Tom Stoppard has written one of the great political plays in the English language, and like all great political plays, it resonates with humanity. It has a moving, throat-catching intensity that reminds me of Arthur Miller summing up Tennessee Williams’s plays as “the politics of the soul”. Stoppard has always been a hard-line humanist, and this play shows him at his combative and tolerant best. Proust thought that art was the true last judgment, which is pushing it a bit, but Stoppard shows that great theatre is the nearest you can get to it on this bitch of an earth.

The play is set in Cambridge and Prague from 1968 to 1990. Max (Brian Cox) is a philosophy don and an old-fashioned communist who didn’t leave the party in 1956, when Khruschev crushed the Hungarian revolution, or in 1968, when Brezhnev crushed the Prague Spring. Max despises the idea of a “reformed” communist; he believes in basic premises and cannot see that dictatorships will lead only to some fraudulent and murderous utopia.

Jan (Rufus Sewell) is his pupil, an émigré Czech and a hard-line idealist who returns to Prague in 1968 to defend the socialism of his dreams. He is also a rock’n’roll junkie devoted to a Czech band called Plastic People of the Universe. He goes home partly to save rock’n’roll. What he doesn’t realise is that the commissars who rule his country regard the PPU’s work as “socially negative music”. Negative is bad news. You can be arrested for being negative. Positive is good news: a code word for following party directives. Soviet communism was an example of illogical positivism. Jan will have to learn the hard way.

The play has two great themes. One is the cost of integrity. Max can’t accept the failure of his ideals: it would be defeatism that would turn disaster into moral victory. Jan, back in Prague and still optimistic, thinks that signing a protest would be moral exhibitionism. The other theme is the nature of freedom. Max’s wife, Eleanor (Sinead Cusack), is a classicist, and through her you hear the echoes of ancient mythologies: the great god Pan, for example, whose music is an instrument of liberation and pleasure. He is the ancestor of the popular music of the late 20th century. Rock’n’roll and its siblings were a shout for freedom: freedom from convention and an oppressive bourgeois lifestyle. In communist Prague, you had no lifestyle. Life was all you could hope for. Here, rock’n’roll meant defiance, a cry for the freedom to be yourself. This play could have been called The Invention of Freedom.

Stoppard doesn’t take sides. He once said that writing dialogue was the only way he could contradict himself, and here he demonstrates the power of the dramatist who can enter the mind of his characters and conduct that inner dialogue of mind and soul through which we try to understand the world. This is not a play reserved for classicists, philosophers or political scientists. It echoes with Stoppard’s humour: sad, acid, elegant and subversive. Under and through its arguments beats the steady pulse of humanity, of the accountability people need to have for themselves and each other. One thing Eleanor learns from the classics is that there’s a spirit within man that opposes him being just machinery. Max, Marxist to the core, thinks that love is only economics and physiology, but Eleanor knows better. She knows that you can have subjective experience in an objective world. If there’s no soul, it would have to be invented. This is what drives the harrowing scene between Max and Eleanor in the second half — the emotional peak of the play, where Cox and Cusack are at the peak of their unforgettably human performance.
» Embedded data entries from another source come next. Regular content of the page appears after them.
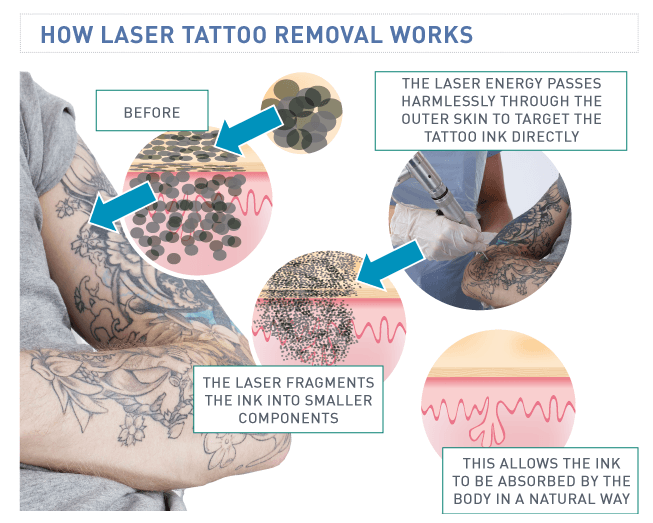 St Pete Tattoo Laser Tattoo Removal Aftercare - Black Amethyst Tattoo  Gallery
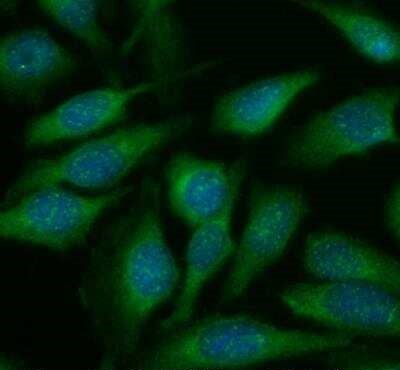 ATF6 Antibody in Immunocytochemistry (ICC/IF)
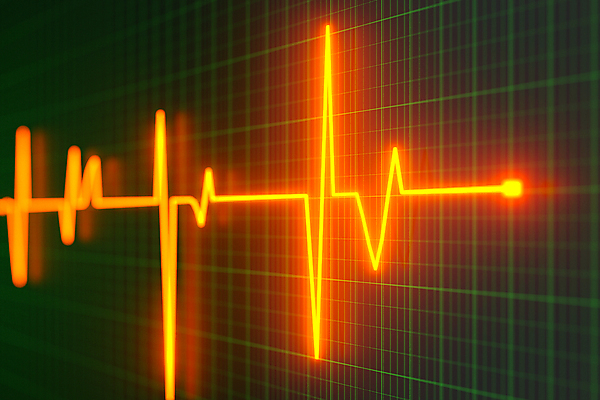 JPG 해외이미지 선 의학 사람없음 3D 검은색 바이탈사인 심전도 심전도모니터 해외포토 포토 컬러 디지털합성 파일형식 이미지허브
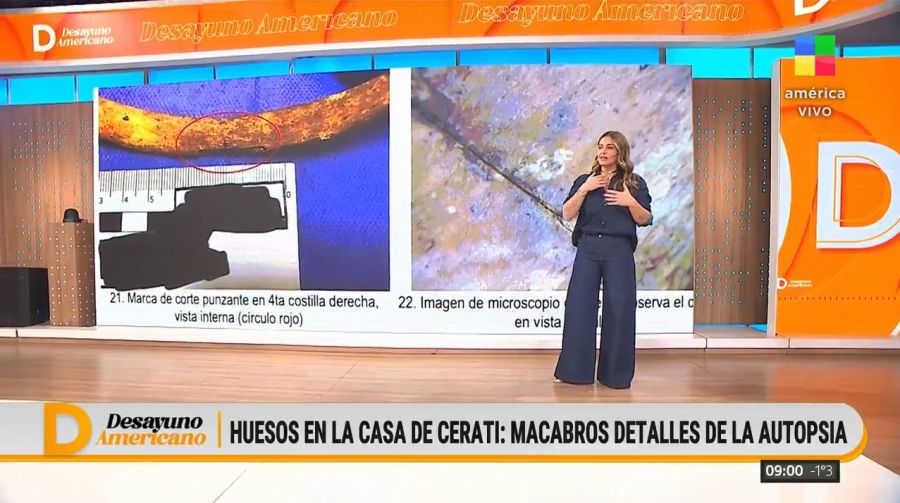 Restos Humanos en la casa que habitó Gustavo Cerati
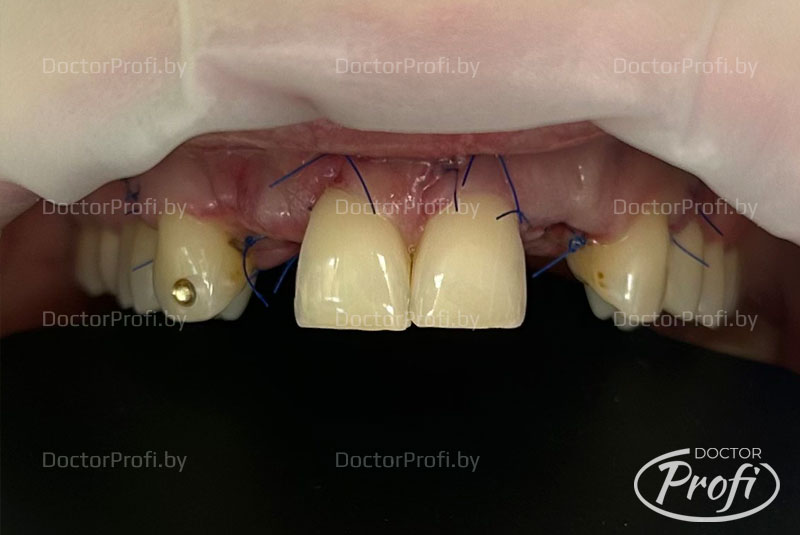 Реставрация предних зубов 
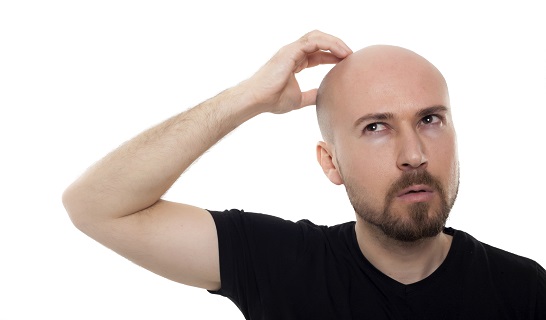 自毛植毛のFUT法とFUE法の違い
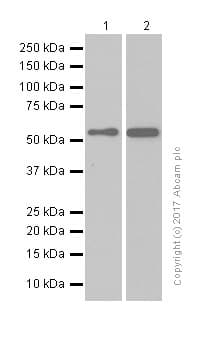 Anti-Retinoic Acid Receptor beta antibody [EPR2017](AB124701)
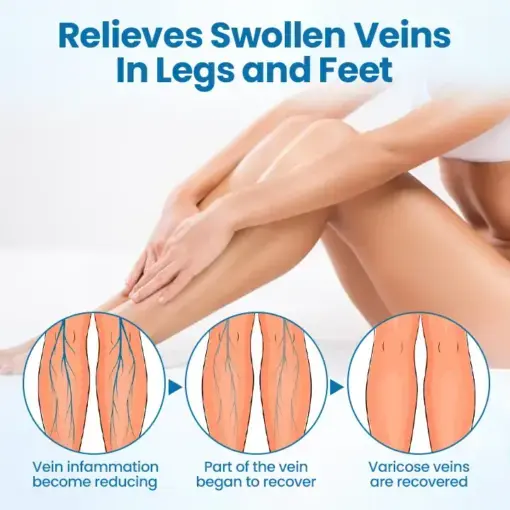 Timilk® VeinGuard Herbal Spray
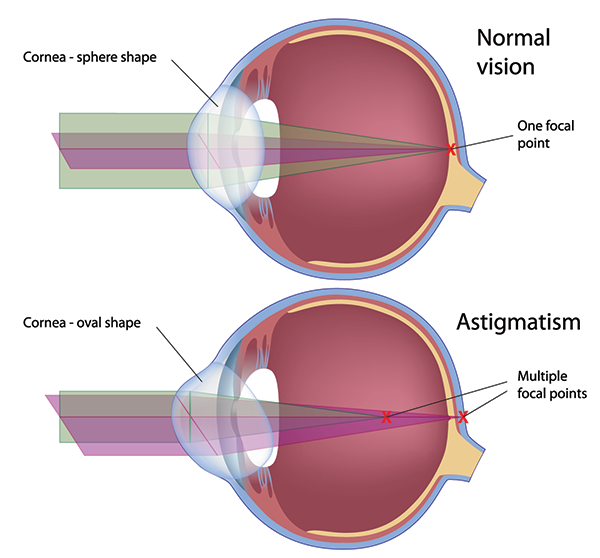 eye exams in turnersville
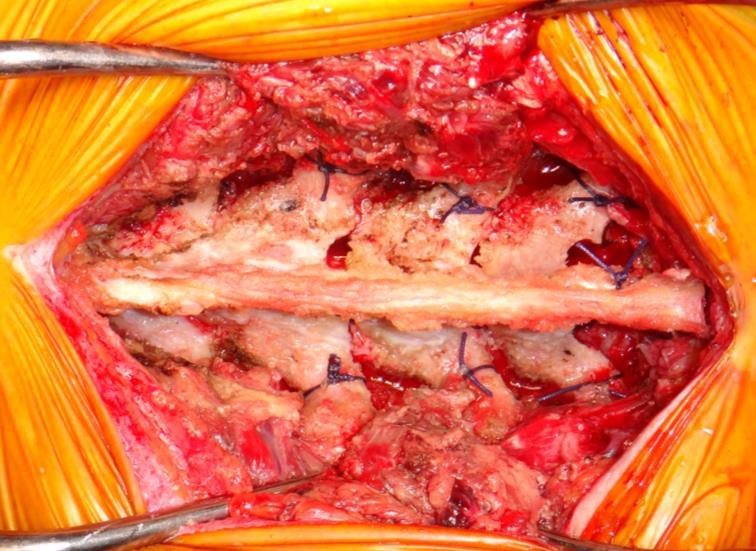 mimicking spinal metastasis by frozen recapping laminoplasty in a patient with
Trevor Nunn’s production is a masterpiece of lucidity, intelligence and feeling. The showman of theatrical spectacle has done some of his best work on small stages, where intimacy can best reveal the soul about which Max is so robustly sceptical, and of which the great god Pan is an unacknowledged guardian. So were Pink Floyd when they defied the logical positivists and sang: “I don’t care if the sun don’t shine.”